There’s also the question of how many classes I will have to, or will, take based on what kind of employment I secure.  If I get an hourly job (or two) I can do whatever I want; and that is 2 classes, or possibly 2.5 (which there really is no such thing).  But if I get an assistantship then that will determine what I "have" to do.  I may well take 3 anyway based on what is being offered. 

I am so excited about my adventure!  I am a lifelong education geekSo be it.
 

Tags: Conversation · Education · Librariana · My Life

7 responses so far ↓

  • 1 Christina Pikas // Apr 5, 2006 at 11:05 am

    Oh I so have to come and take this course: 590TR Information Transfer and Collaboration in Science (new) with Carole Palmer !!

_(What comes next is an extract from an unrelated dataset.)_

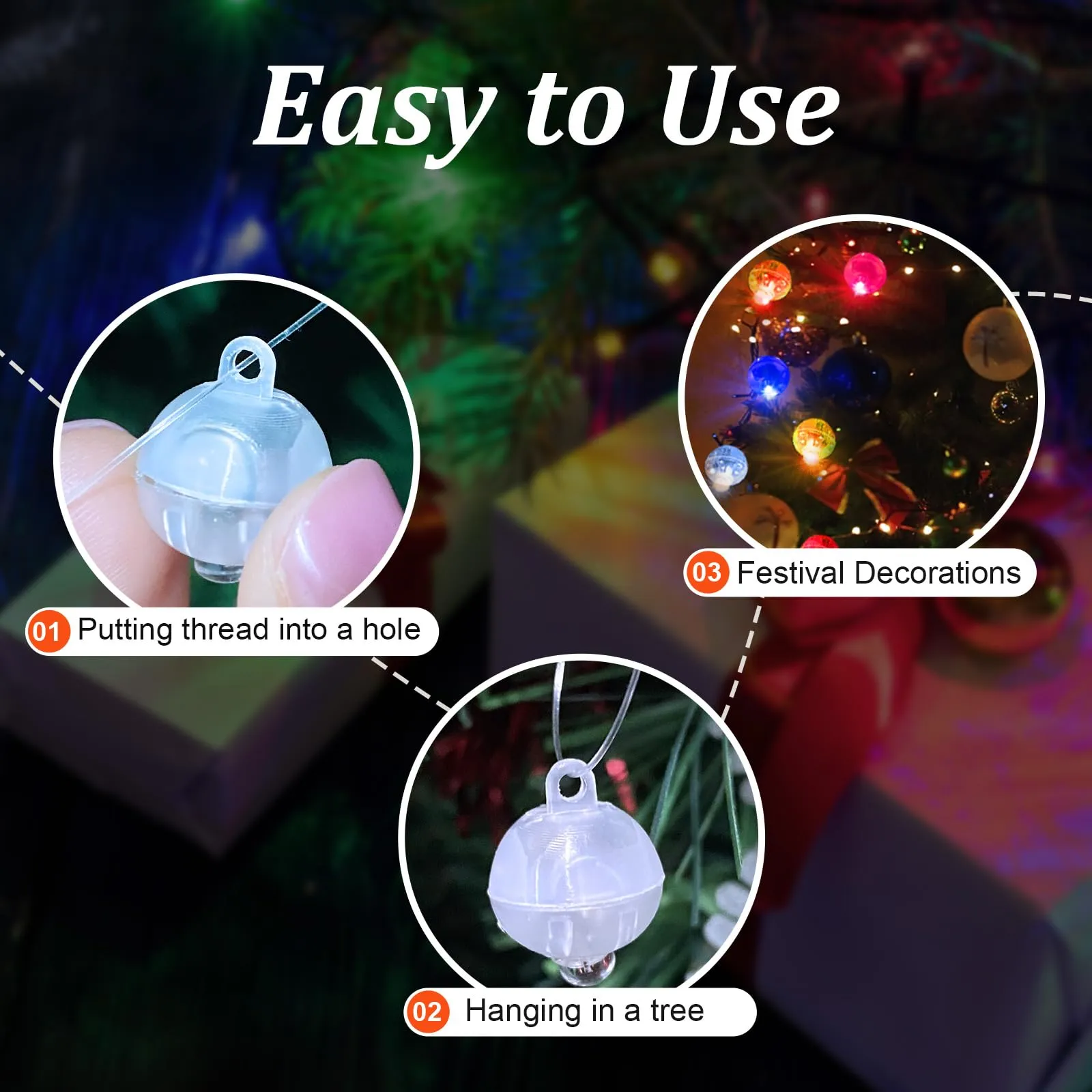 Warm White Mini Led Lights, Waterproof Round Tiny Led Light for Party Decorations, Battery PoweredRound LED Ball Lamp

    Wow, what a commute from Maryland, though. You’re lucky to have such great choices!

  • 2 Mark // Apr 5, 2006 at 11:29 am

    Yes, I certainly am! That make it hard to pick classes often, but I’d much rather have that problem than picking from stuff I’m not interested in.

    But the best part is that I have (or will in 5.5 weeks) become a librarian with a good basic LIS education, with heavy emphasis on the “L.” Now I get to “play.” Sure, I have a focus but it is still very much play, with little in the way of mandatory guidance. I am so excited I could just squeal!

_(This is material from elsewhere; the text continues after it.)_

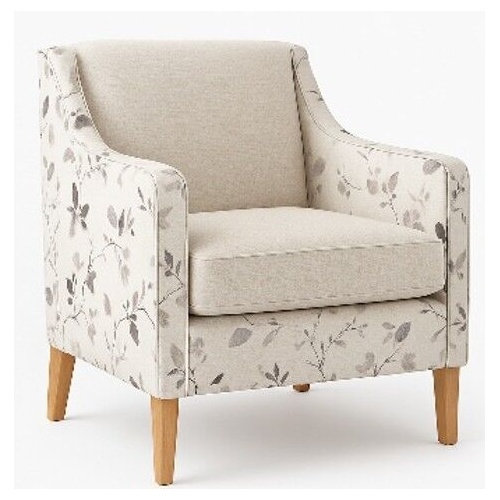 Sally Premium Armchair covered in Warwick Lustrell Vinyl Fabric with Beech coloured legs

    I’d be happy to send you the syllabus/reading list once I get it from Carole (assuming she says OK) if you like. Just remind me in a month or two.

  • 3 Laura // Apr 5, 2006 at 1:02 pm

    LIS 745 Searching Electronic Databases (which I imagine is similar to 526LE Searching Online Info Systems) was by far the most useful class I’ve taken in library school so far. It, too, was DIALOG based, and while it’s true that the DIALOG specific commands don’t really translate to other databases, learning to search DIALOG taught me a lot about database structure and has made me a much more knowledgable and capable searcher of other databases.

    Of course, you have way more technical background than I do, so it maybe wouldn’t be so helpful to you. I do envy you getting to choose classes that you really want to take–I’ve had to choose classes because they fit into my schedule.

  • 4 Rudy // Apr 5, 2006 at 5:08 pm

    Mark,
    Online Searching was one of the most everyday-useful classes I took at GSLIS. It was way heavy on DIALOG, and perhaps unneccesarily so. BUT, everytime I teach a class of students about how to search, it is bits and pieces of that class that are informing what I say. And every time I do a comand line search, in any search tool, I am relying on what I learned in that class. And my reticence and knowledge-base and ability to ask questions about federated search comes directly out of that class.

    For all of that, I would definitely take it for half credit.

  • 5 Rudy // Apr 5, 2006 at 5:09 pm

    Oh, and almost every search tools has command line search ability, buried somewhere in it. So, it’s still pretty useful everywhere.

  • 6 Mark // Apr 5, 2006 at 5:35 pm

    Hi Laura and Rudy! Thanks for the input; I value your opinions.

    I do want to make clear that I DO feel that this is a very important class to take, no matter how it is structured (well, OK, within some limits)! If I had not been accepted to the CAS I would have taken it this spring, or this summer if I hung out while looking for a job.

    But luckily, I now have another 2 years or so to get it in. Of course, it could be useful to me everyday that I haven’t had it. Oh well.

    Anyway, just wanted to clear up any confusion before anyone less nice than Laura and Rudy pipe in and scold me for my views. I DO think it is an important class, even if I (possibly mistakenly, and that sure wouldn’t be the first time) think it has some limitations.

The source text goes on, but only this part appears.